Seymour’s picnics sketches show a keen awareness of their potential for humor and satire. Especially if they’ve gone wrong. Unpacking for a Pic-Nic, for example, pokes fun at what breaks in a basket, as the legend makes amply clear, “Oh! Dear, here’s the sherry and mix’d pickles broke!” O, yes, and they have broke into the pastry too.”

For an edition of Seymour’s sketches, Alfred Crowquill, the pseudonym of Alfred Henry Forrester, added narrative and doggerel verse. For those not entirely familiar with picnicking, Crowquill added a food and drink menu and a list of the necessary gear:

Notwithstanding the proverbial variety of the climate, there is no nation under the sun so fond of Pic-Nic parties as the English; and yet how seldom are their pleasant dreams of rural repasts in the open air fated to be realized!

However snugly they may pack the materials for the feast, the pack generally gets shuffled in the carriage, and consequently their promised pleasure proves anything but “without mixture without measure.”

The jam-tarts are brought to light, and are found to have got a little jam too much. The bottles are cracked before their time, and the liberal supplies of pale sherry and old port are turned into a-little current.

They turn out their jar of gherkins, and find them mixed, and all their store in a sad pickle.

The leg of mutton is the only thing that has stood in the general melee.

The plates are all dished, and the dishes only fit for a lunatic asylum, being all literally cracked.

Even the knives and forks are found to ride rusty on the occasion. The bread is become sop; and they have not even the satisfaction of getting salt to their porridge, for that is dissolved into briny tears.

Like the provisions, they find themselves uncomfortably hamper’d; for they generally chuse such a very retired spot, that there is nothing to be had for love or money in the neighbourhood, for all the shops are as distant as-ninety-ninth cousins!

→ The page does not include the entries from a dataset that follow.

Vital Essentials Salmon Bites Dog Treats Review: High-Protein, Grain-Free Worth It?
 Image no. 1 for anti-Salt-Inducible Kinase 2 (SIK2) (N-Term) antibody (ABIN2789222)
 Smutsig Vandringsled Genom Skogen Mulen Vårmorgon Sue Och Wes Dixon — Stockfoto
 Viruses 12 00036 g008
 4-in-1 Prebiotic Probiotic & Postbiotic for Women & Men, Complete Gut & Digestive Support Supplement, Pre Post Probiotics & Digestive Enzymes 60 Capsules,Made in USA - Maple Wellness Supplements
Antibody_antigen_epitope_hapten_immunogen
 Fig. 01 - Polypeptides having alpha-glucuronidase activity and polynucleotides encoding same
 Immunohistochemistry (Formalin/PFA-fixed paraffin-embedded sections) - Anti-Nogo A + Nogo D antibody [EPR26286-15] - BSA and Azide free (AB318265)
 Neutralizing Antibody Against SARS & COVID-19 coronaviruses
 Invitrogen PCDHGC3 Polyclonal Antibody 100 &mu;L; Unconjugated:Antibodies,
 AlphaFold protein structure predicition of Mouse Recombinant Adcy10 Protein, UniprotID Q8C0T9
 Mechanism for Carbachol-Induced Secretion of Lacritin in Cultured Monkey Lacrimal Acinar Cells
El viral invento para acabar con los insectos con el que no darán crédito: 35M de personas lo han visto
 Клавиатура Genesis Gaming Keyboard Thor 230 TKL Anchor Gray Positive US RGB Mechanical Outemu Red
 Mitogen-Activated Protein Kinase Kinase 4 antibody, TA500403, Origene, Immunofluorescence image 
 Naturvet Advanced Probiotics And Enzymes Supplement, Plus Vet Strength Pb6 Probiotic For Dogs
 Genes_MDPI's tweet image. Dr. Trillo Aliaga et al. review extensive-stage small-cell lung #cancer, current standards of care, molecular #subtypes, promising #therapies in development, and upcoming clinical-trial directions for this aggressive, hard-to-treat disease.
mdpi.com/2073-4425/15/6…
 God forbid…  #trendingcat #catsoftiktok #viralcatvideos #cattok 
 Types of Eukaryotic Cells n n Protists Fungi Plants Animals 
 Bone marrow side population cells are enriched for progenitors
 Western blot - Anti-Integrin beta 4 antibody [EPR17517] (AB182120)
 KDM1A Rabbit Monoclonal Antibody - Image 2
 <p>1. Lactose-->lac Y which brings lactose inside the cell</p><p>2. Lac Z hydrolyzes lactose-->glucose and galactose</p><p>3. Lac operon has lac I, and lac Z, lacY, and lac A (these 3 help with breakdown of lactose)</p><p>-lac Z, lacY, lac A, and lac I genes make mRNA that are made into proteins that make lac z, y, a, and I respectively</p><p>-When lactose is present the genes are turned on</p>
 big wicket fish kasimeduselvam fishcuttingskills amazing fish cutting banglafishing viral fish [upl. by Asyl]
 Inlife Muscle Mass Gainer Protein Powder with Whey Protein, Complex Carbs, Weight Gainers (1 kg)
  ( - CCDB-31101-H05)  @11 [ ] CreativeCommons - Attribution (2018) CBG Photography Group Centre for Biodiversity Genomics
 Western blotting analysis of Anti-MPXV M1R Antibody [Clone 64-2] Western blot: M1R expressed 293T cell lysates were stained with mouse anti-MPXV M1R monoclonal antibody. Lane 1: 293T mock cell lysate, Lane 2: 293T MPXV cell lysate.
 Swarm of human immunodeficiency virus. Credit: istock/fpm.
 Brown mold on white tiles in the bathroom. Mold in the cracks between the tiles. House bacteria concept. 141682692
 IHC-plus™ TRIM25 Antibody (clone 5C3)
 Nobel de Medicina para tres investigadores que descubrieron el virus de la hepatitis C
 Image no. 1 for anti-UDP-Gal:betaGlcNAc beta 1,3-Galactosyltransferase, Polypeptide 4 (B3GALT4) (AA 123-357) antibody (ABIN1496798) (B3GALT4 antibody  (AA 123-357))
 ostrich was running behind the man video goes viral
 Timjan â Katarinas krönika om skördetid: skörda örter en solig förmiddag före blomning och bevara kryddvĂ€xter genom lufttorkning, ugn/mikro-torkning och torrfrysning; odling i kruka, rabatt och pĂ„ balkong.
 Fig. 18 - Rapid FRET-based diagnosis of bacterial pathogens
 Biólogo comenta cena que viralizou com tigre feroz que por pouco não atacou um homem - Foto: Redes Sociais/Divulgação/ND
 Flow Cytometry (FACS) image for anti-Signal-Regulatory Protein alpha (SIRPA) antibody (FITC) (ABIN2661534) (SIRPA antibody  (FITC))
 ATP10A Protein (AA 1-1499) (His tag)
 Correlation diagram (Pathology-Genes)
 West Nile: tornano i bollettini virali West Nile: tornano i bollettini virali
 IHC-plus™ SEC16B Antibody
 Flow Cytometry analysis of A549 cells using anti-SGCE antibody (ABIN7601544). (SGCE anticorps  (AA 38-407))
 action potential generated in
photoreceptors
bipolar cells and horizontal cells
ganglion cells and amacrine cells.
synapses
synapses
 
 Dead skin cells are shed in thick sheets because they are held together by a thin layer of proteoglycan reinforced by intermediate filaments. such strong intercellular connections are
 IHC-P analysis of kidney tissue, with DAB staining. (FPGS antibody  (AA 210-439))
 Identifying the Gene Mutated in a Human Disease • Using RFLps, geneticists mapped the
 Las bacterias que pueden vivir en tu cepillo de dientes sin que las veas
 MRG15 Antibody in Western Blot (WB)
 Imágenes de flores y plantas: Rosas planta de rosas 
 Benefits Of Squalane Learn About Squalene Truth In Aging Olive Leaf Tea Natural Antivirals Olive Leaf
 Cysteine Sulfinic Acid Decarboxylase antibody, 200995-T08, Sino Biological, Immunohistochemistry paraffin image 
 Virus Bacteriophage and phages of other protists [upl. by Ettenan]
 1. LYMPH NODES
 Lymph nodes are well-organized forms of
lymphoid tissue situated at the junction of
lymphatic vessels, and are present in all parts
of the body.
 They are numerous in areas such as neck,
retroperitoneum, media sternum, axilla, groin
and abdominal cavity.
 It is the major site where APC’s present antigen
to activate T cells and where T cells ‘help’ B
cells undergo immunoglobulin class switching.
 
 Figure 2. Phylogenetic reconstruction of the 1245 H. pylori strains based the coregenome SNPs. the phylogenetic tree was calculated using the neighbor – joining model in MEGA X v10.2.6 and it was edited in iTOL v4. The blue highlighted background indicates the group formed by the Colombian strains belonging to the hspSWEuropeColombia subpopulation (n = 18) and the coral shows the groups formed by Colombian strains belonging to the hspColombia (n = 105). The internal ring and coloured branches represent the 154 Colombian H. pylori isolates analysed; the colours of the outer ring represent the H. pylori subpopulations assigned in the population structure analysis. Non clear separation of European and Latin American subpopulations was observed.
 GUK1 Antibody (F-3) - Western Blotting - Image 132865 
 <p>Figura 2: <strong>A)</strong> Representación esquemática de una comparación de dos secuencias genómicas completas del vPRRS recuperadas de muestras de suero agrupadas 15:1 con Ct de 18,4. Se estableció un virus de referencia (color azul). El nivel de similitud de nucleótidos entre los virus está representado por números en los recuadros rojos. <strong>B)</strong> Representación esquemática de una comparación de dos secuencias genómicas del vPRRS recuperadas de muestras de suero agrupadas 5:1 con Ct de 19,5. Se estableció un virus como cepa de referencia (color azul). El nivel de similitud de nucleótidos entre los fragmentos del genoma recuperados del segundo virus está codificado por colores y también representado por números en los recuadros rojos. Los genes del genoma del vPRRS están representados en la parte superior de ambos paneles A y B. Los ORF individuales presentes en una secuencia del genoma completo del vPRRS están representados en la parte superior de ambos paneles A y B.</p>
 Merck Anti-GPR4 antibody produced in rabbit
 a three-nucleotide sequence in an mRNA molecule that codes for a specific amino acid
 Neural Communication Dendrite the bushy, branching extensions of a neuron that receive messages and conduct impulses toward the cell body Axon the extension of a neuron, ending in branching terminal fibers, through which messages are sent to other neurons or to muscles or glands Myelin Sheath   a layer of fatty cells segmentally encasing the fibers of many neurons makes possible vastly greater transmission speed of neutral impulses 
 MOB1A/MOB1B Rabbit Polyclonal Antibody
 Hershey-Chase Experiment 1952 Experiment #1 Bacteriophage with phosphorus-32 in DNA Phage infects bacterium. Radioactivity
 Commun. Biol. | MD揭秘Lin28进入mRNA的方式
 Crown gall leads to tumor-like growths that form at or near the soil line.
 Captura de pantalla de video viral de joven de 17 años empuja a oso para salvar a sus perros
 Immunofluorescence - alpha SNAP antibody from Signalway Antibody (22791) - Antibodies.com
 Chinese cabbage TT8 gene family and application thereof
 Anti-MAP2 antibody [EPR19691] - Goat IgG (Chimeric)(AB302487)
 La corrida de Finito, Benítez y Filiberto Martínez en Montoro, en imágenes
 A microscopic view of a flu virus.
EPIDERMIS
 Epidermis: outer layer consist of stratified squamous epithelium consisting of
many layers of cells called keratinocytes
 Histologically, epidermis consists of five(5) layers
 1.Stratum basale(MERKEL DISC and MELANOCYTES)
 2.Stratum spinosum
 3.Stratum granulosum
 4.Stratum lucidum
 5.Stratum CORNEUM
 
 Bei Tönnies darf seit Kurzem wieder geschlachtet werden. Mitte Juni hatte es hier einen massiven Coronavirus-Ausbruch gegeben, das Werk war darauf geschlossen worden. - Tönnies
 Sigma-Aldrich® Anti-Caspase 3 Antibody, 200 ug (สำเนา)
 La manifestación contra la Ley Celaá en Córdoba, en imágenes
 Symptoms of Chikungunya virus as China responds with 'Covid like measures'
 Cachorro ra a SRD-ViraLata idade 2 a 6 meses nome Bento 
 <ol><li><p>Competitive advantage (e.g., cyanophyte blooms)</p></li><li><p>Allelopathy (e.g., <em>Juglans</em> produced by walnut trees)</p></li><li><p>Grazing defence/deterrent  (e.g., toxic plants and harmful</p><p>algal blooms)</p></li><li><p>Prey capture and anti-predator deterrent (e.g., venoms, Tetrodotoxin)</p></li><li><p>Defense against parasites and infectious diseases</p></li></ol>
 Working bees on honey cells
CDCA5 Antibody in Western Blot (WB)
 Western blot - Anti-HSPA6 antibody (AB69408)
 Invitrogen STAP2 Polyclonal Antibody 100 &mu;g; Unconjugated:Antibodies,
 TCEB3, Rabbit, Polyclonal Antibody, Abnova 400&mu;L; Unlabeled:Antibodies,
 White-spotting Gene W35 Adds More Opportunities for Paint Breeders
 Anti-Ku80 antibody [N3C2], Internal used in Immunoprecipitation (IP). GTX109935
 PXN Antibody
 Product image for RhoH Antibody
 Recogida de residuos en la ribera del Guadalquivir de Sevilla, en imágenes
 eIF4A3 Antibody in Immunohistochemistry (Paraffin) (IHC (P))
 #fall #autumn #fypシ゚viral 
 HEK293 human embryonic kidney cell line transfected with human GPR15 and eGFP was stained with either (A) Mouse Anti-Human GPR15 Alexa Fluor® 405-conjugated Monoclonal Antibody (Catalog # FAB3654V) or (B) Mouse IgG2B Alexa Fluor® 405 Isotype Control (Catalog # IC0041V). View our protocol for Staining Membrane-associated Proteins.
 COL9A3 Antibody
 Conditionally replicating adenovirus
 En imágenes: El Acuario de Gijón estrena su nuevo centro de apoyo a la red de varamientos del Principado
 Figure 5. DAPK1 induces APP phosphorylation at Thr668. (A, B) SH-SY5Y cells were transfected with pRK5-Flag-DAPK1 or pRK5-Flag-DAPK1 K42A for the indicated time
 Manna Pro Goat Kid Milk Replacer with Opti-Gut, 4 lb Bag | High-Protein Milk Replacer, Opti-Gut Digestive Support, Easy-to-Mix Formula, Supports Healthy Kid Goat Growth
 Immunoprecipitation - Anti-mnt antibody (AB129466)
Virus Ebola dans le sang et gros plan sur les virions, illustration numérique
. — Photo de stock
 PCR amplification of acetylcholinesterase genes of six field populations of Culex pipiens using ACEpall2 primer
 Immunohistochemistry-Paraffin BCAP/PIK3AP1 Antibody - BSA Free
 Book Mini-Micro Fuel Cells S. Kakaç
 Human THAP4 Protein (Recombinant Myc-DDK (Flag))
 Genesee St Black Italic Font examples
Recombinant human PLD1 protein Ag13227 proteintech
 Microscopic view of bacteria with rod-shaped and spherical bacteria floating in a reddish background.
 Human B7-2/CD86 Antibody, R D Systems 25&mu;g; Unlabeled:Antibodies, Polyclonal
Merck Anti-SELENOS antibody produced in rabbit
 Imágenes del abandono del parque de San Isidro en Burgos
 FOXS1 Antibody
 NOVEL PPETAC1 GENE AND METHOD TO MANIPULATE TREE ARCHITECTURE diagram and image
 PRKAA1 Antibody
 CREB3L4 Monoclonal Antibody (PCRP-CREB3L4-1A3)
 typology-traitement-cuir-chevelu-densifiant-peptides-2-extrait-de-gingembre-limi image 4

However delightful the scenery may be, it is counterbalanced by the prospect of starvation.

Although on the borders of a stream abounding in fish, they have neither hook nor line; and even the young gentlemen who sing fail in a catch for want of the necessary bait. Their spirits are naturally damped by their disappointment, and their holiday garments by a summer shower; and though the ducks of the gentlemen take the water as favourably as possible, every white muslin presently assumes the appearance of a drab, and, becoming a little limp and dirty, looks as miserable as a lame beggar!

In fine, it is only a donkey or a goose that can reasonably expect to obtain a comfortable feed in a field. It may be very poetical to talk of “Nature’s table-cloth of emerald verdure;” but depend on it, a damask one, spread over that full-grown vegetable-a mahogany table-is far preferable.

See The Sketches of Seymour—Complete (1834/36) (London: Thomas Fry, 1838 or later). http://www.gutenberg.org/files/5650/5650-h/5650-h.htm. This edition is based on a collection of Seymour’s works to which Alfred Crowquill, the pseudonym of Alfred Henry Forrester, added narrative and doggerel verse. Seymour wrote legends for each illustration, but Crowquill greatly expanded Seymour’s intentions.